The simplified format is:
hclust(d, method = "complete")
- d a dissimilarity structure as produced by the dist() function.
- method: The agglomeration method to be used. Allowed values is one of ward.D, ward.D2, single, complete, average, mcquitty, median or centroid.
The dist() function is used to compute the Euclidean distance between observations. Finally, observations are clustered using Wards method.
# Dissimilarity matrix
d <- dist(df, method = "euclidean")
# Hierarchical clustering using Ward's method
res.hc <- hclust(d, method = "ward.D2" )
# Plot the obtained dendrogram
plot(res.hc, cex = 0.6, hang = -1)
4.2 agnes() and diana() functions
The R function agnes() [in cluster package] can be also used to compute agglomerative hierarchical clustering. The R function diana() [ in cluster package ] is an example of divisive hierarchical clustering.
# Agglomerative Nesting (Hierarchical Clustering)
agnes(x, metric = "euclidean", stand = FALSE, method = "average")
# DIvisive ANAlysis Clustering
diana(x, metric = "euclidean", stand = FALSE)

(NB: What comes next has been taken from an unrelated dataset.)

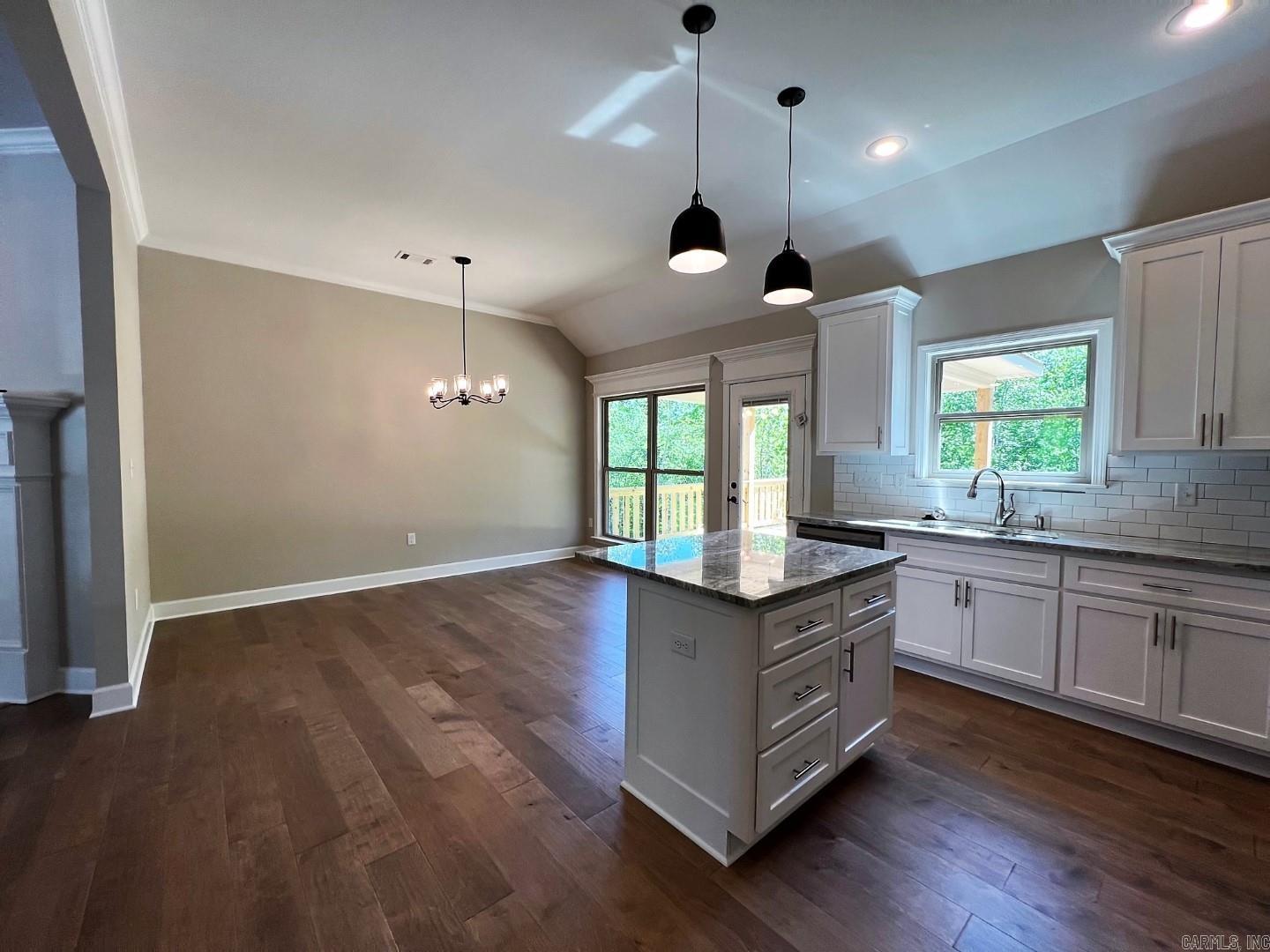 PINEWOOD ESTATES - Residential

- x: data matrix or data frame or dissimilarity matrix. In case of matrix and data frame, rows are observations and columns are variables. In case of a dissimilarity matrix, x is typically the output of daisy() or dist().
- metric: the metric to be used for calculating dissimilarities between observations. Possible values are euclidean and manhattan.

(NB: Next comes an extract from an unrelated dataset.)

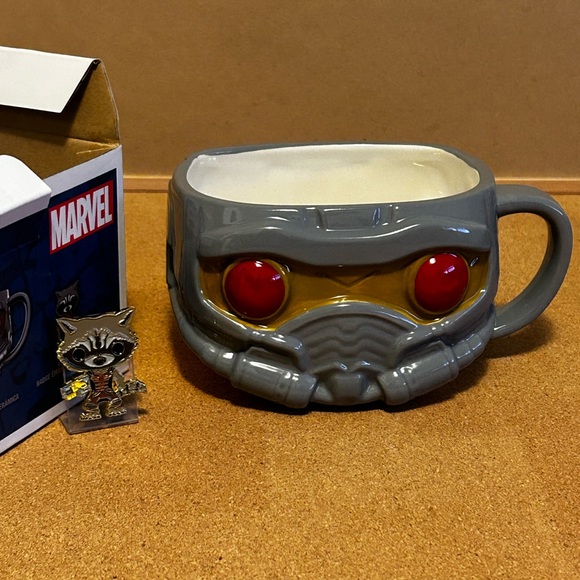 🆕 FUNKO POP! Mug & Pin Set ~ Marvel ~ Star-Lord & Rocket - Picture 8 of 13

- stand: if TRUE, then the measurements in x are standardized before calculating the dissimilarities. Measurements are standardized for each variable (column), by subtracting the variables mean value and dividing by the variables mean absolute deviation
- method: The clustering method. Possible values includes average, single, complete, ward.

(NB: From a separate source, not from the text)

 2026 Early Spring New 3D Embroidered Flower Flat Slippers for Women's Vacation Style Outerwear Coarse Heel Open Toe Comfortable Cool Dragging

- The function agnes() returns an object of class agnes (see ?agnes.object) which has methods for the functions: print(), summary(), plot(), pltree(), as.dendrogram(), as.hclust() and cutree().
- The function diana() returns an object of class diana (see ?diana.object) which has also methods for the functions: print(), summary(), plot(), pltree(), as.dendrogram(), as.hclust() and cutree().
Compared to other agglomerative clustering methods such as hclust(), agnes() has the following features:
- It yields the agglomerative coefficient (see agnes.object) which measures the amount of clustering structure found
- Apart from the usual tree it also provides the banner, a novel graphical display (see plot.agnes).
4.2.1 R code for computing agnes
library("cluster")
# Compute agnes()
res.agnes <- agnes(df, method = "ward")
# Agglomerative coefficient
res.agnes$ac
## [1] 0.934621
# Plot the tree using pltree()
pltree(res.agnes, cex = 0.6, hang = -1,
main = "Dendrogram of agnes")
Its also possible to draw AGNES dendrogram using the function plot.hclust() and the function plot.dendrogram() as follow:
# plot.hclust()
plot(as.hclust(res.agnes), cex = 0.6, hang = -1)
# plot.dendrogram()
plot(as.dendrogram(res.agnes), cex = 0.6,
horiz = TRUE)
4.2.2 R code for computing diana
# Compute diana()
res.diana <- diana(df)
# Plot the tree
pltree(res.diana, cex = 0.6, hang = -1,
main = "Dendrogram of diana")
# Divise coefficient; amount of clustering structure found
res.diana$dc
## [1] 0.8514345
As for plotting AGNES dendrogram, the functions plot.hclust() and plot.dendrogram() can be used as follow:
# plot.hclust()
plot(as.hclust(res.diana), cex = 0.6, hang = -1)
# plot.dendrogram()
plot(as.dendrogram(res.diana), cex = 0.6,
horiz = TRUE)
5 Interpretation of the dendrogram
In the dendrogram displayed above, each leaf corresponds to one observation. As we move up the tree, observations that are similar to each other are combined into branches, which are themselves fused at a higher height.
The height of the fusion, provided on the vertical axis, indicates the (dis)similarity between two observations. The higher the height of the fusion, the less similar the observations are.
Note that, conclusions about the proximity of two observations can be drawn only based on the height where branches containing those two observations first are fused. We cannot use the proximity of two observations along the horizontal axis as a criteria of their similarity.
In order to identify sub-groups (i.e. clusters), we can cut the dendrogram at a certain height as described in the next section.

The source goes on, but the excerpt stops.